> [What to work on] Nothing but the lines below from the one holding "Should you spend" up to and including the one holding "Today's video I" should be copied, exactly and without pictures.

> [Data for this task]

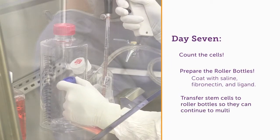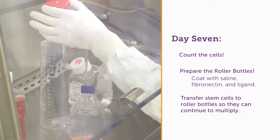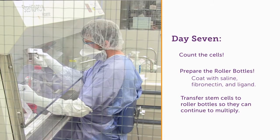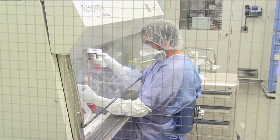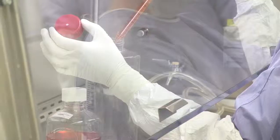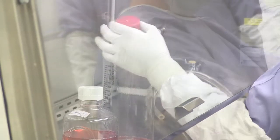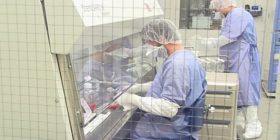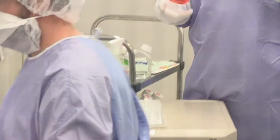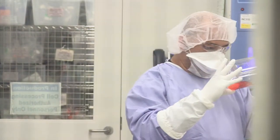We transfer our cells into the roller bottles, and the roller bottles actually sit in racks in an incubator that roll and revolve at a very slow rate. What that does is it allows our cells to come in contact with the ligand that's coated on the plastic surface of the vessels, but it also keeps the cells in motion — which is actually a pretty good way to grow cells because it prevents them from piling up on top of each other or even suffocating each other when they grow fairly dense.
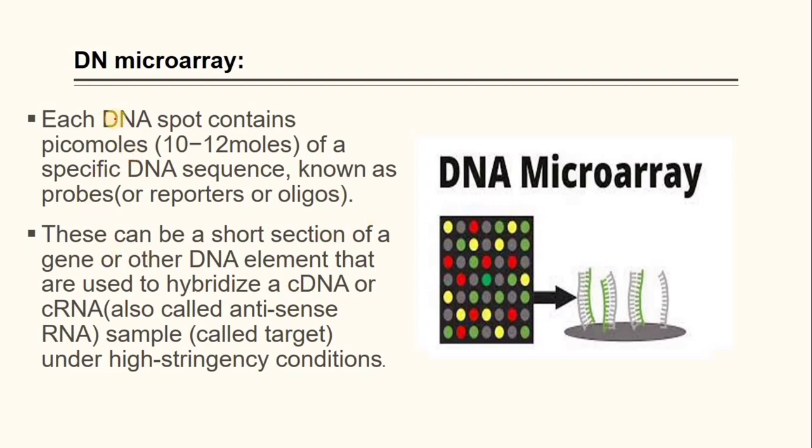Each DNA spot contains a specific DNA sequence known as probes, reporters, or oligos. These can be a short section of a gene or other DNA element that are used to hybridize a cDNA or cRNA, also called antisense RNA, sample called target, under high stringency conditions.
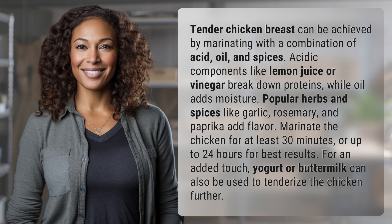Tender chicken breast can be achieved by marinating with a combination of acid, oil, and spices. Acidic components like lemon juice or vinegar break down proteins, while oil adds moisture.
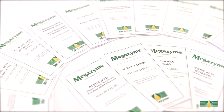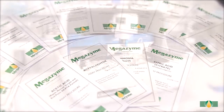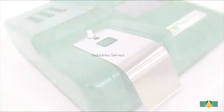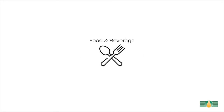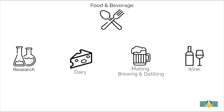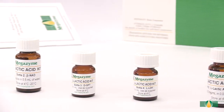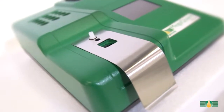Megazyme provides an extensive range of assay kits for use in various assay formats including autoanalyzer, microplate, and manual spectrophotometer. This L-lactic acid assay kit can be used to accurately measure L-lactic acid in various sample types throughout industries such as food, dairy and beverages. This video tutorial will demonstrate the use of the assay kit with a wine sample using the manual spectrophotometer format.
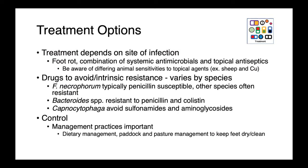Going back to our other non-spore-forming anaerobes encountered as infections in our patients, treatment really depends on the site of infection. In the case of foot rot, it's commonly treated with a combination of systemic antimicrobials and topical antiseptics. You need to be aware of differing animal sensitivities to topical agents — for instance, sheep have a low tolerance for copper, so topical copper sulfate can result in toxicities. We do have some intrinsic resistance to be aware of: Fusobacterium necrophorum is typically penicillin susceptible, while other Fusobacterium species are often penicillin resistant. Bacteroides is resistant to penicillin and colistin (the polymyxins), and Capnocytophaga should not be treated with sulfonamides or aminoglycosides.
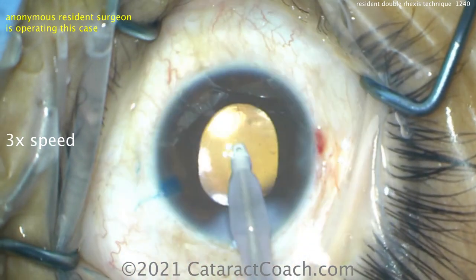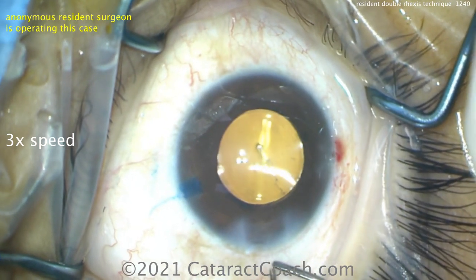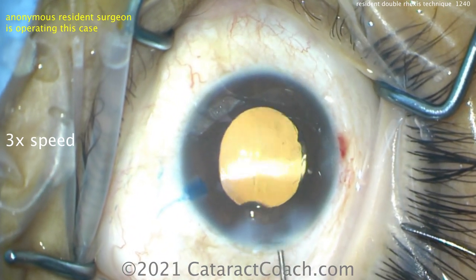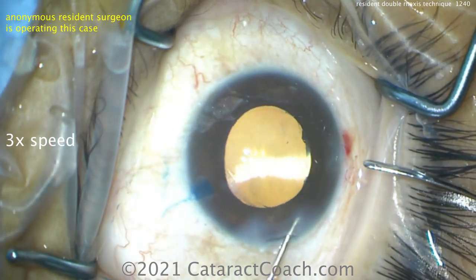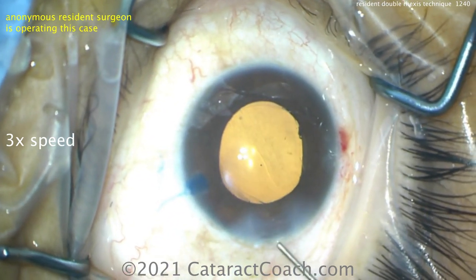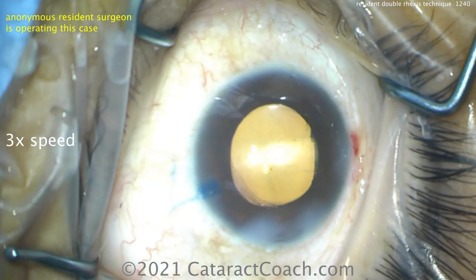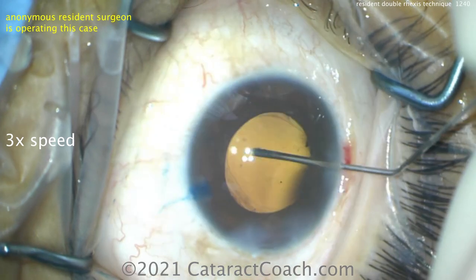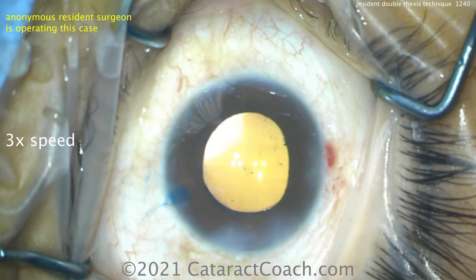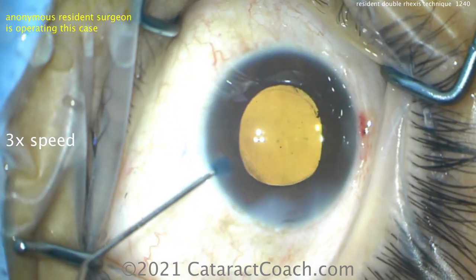Should you spend a lot of time polishing up that capsular bag? Certainly get out as much of the lens material as you can, as many lens epithelial cells as you can. But there's a balance here — don't break the capsular bag, and just think of the patient's delta, the difference between the before and after vision. If there's a little bit of capsular haze on the anterior capsule rim, that will not diminish this patient's happiness or satisfaction in any way. And when you're learning, we can save some things for further along in the bell curve of learning.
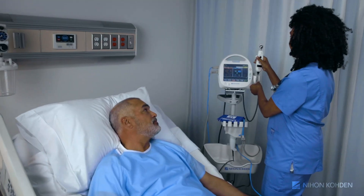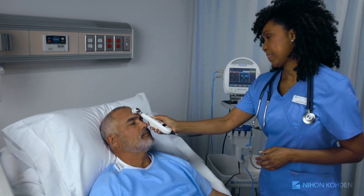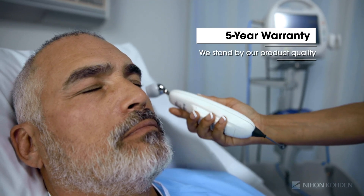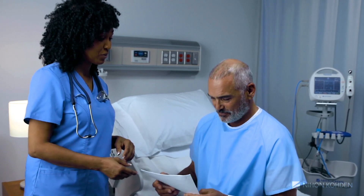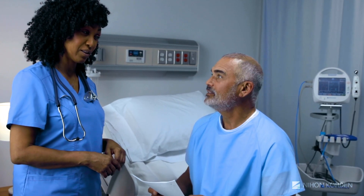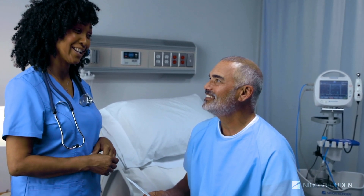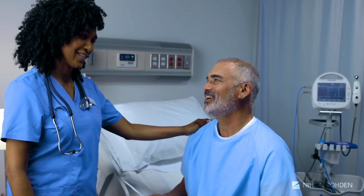Boasting the same industry-leading quality NeonCoden is known for, the LifeScope SVM7200 is backed by an unrivaled five-year equipment warranty. NeonCoden's LifeScope SVM7200 Vital Signs Monitor is a smart and simple solution that saves time and increases efficiency, which allows clinicians to spend less time charting and more time with patients.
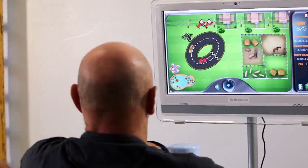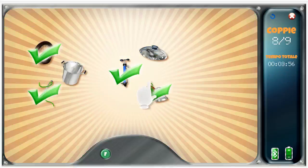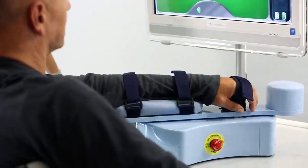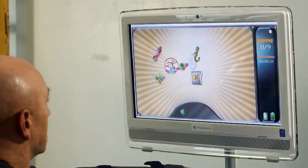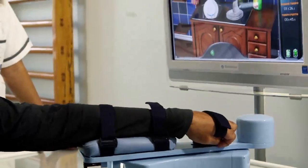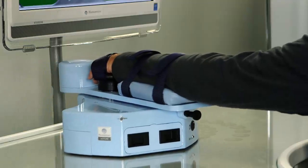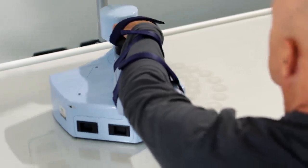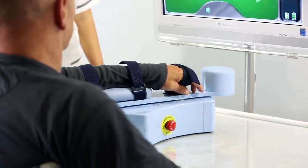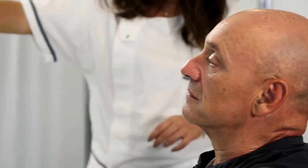With Motore, patients are involved in a new kind of therapy consisting of games and puzzles which challenge them physically and cognitively. Visual feedback, force feedback, and acoustic feedback stimulate all senses and the whole neuromotor system. Motore moves smoothly on the desk. It intervenes to avoid spasms while exercising and to reduce spasticity of muscles in mid-term treatment.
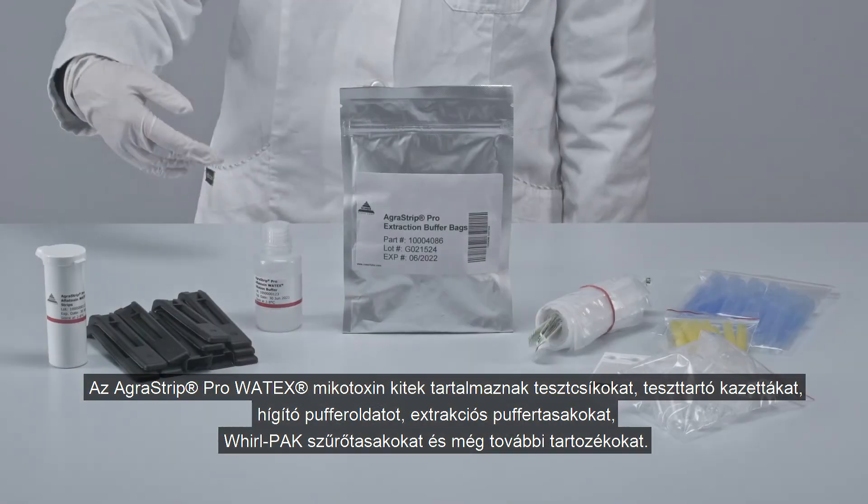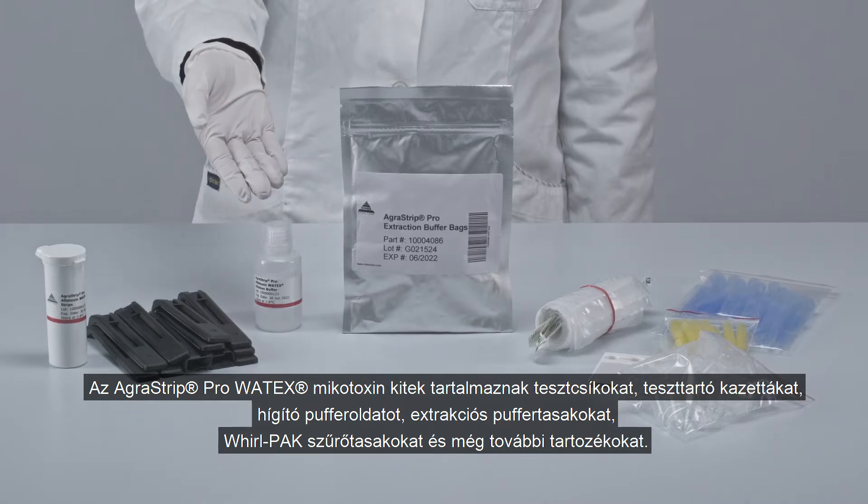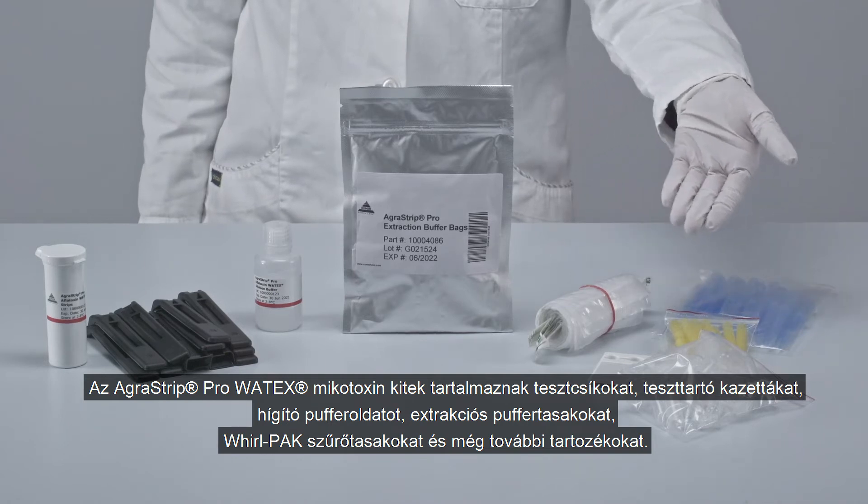AgriVision Pro Watex mycotoxin test kits come complete with strips, strip cartridges, dilution buffer, extraction buffer bags, whorl pack filter bags, and additional accessories.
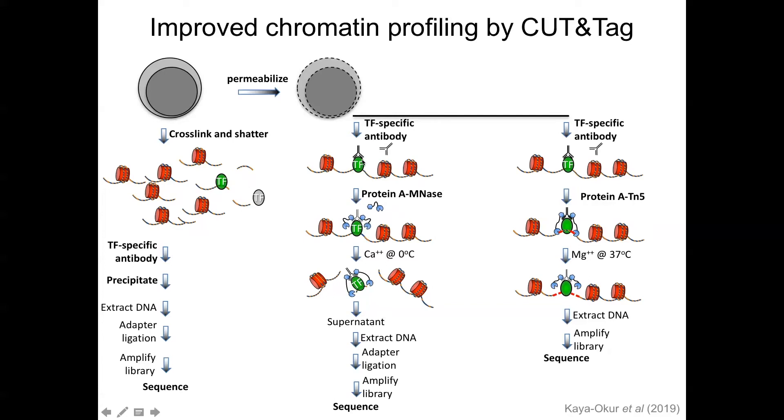A couple years ago, we developed a version of this which we called Cut and Tag. Instead of a protein A MNase fusion, it uses a protein A Tn5 fusion so that you tagment the binding site where the antibodies are bound — exactly the same strategy. The antibody binds to your transcription factor or histone modification, protein A Tn5 binds to that antibody, and then by activation of Tn5 you insert adapters at the binding site. The adapters are actually inserted by the Tn5, so your library preparation is done.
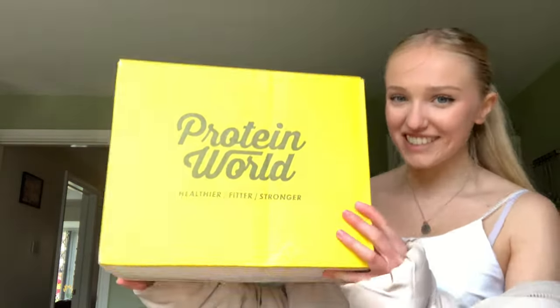Today's video I will be unboxing this packet from Protein World. It's so exciting — it's really big. I did not expect it to be this big. Hang on, I'm gonna put my coat on properly. Don't know why that was half on half off.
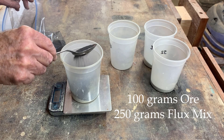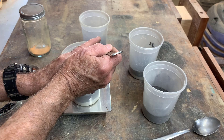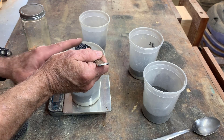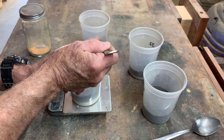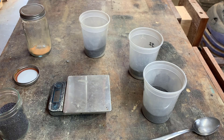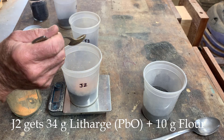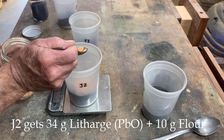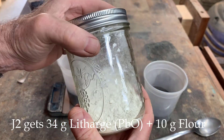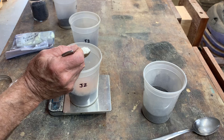In J1 I've got Assayer's Lead and I'm going to add 25 grams. To reduce the litharge in J2, I'm going to add 10 grams of flour. This reduces the litharge back to lead.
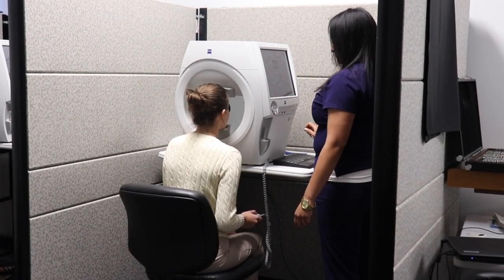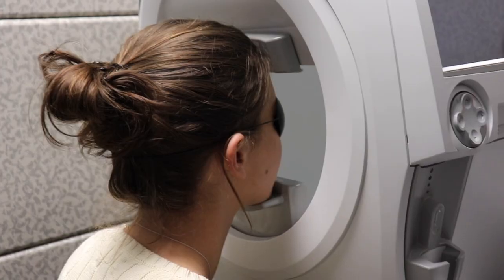A visual field test is a way to assess a patient's full field of vision, both their central vision as well as their peripheral vision. We predominantly do it for patients who have a condition called glaucoma. Glaucoma is a condition that affects your optic nerve, and for most patients in the early stages it affects your peripheral vision, so a visual field test is one of the best ways to be able to assess for that.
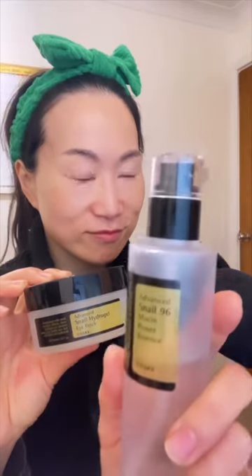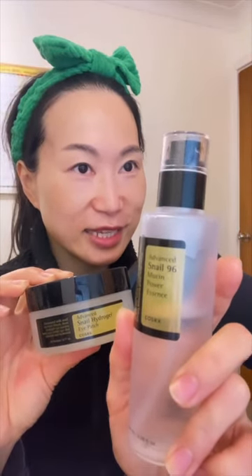Corserex Advanced Snail Hydrogel Eye Patch. These eye patches are infused with the Corserex Snail 96 Mucin Power Essence — one of the most viral products. These hydrogel eye patches are infused with snail secretion filtrate that will visibly hydrate, plump, and brighten your eye area.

> [Answer section]
Should you spend a lot of time polishing up that capsular bag? Certainly get out as much of the lens material as you can, as many lens epithelial cells as you can. But there's a balance here — don't break the capsular bag, and just think of the patient's delta, the difference between the before and after vision. If there's a little bit of capsular haze on the anterior capsule rim, that will not diminish this patient's happiness or satisfaction in any way. And when you're learning, we can save some things for further along in the bell curve of learning.
Boasting the same industry-leading quality NeonCoden is known for, the LifeScope SVM7200 is backed by an unrivaled five-year equipment warranty. NeonCoden's LifeScope SVM7200 Vital Signs Monitor is a smart and simple solution that saves time and increases efficiency, which allows clinicians to spend less time charting and more time with patients.
With Motore, patients are involved in a new kind of therapy consisting of games and puzzles which challenge them physically and cognitively. Visual feedback, force feedback, and acoustic feedback stimulate all senses and the whole neuromotor system. Motore moves smoothly on the desk. It intervenes to avoid spasms while exercising and to reduce spasticity of muscles in mid-term treatment.
AgriVision Pro Watex mycotoxin test kits come complete with strips, strip cartridges, dilution buffer, extraction buffer bags, whorl pack filter bags, and additional accessories.
A couple years ago, we developed a version of this which we called Cut and Tag. Instead of a protein A MNase fusion, it uses a protein A Tn5 fusion so that you tagment the binding site where the antibodies are bound — exactly the same strategy. The antibody binds to your transcription factor or histone modification, protein A Tn5 binds to that antibody, and then by activation of Tn5 you insert adapters at the binding site. The adapters are actually inserted by the Tn5, so your library preparation is done.
Today's video I will be unboxing this packet from Protein World. It's so exciting — it's really big. I did not expect it to be this big. Hang on, I'm gonna put my coat on properly. Don't know why that was half on half off.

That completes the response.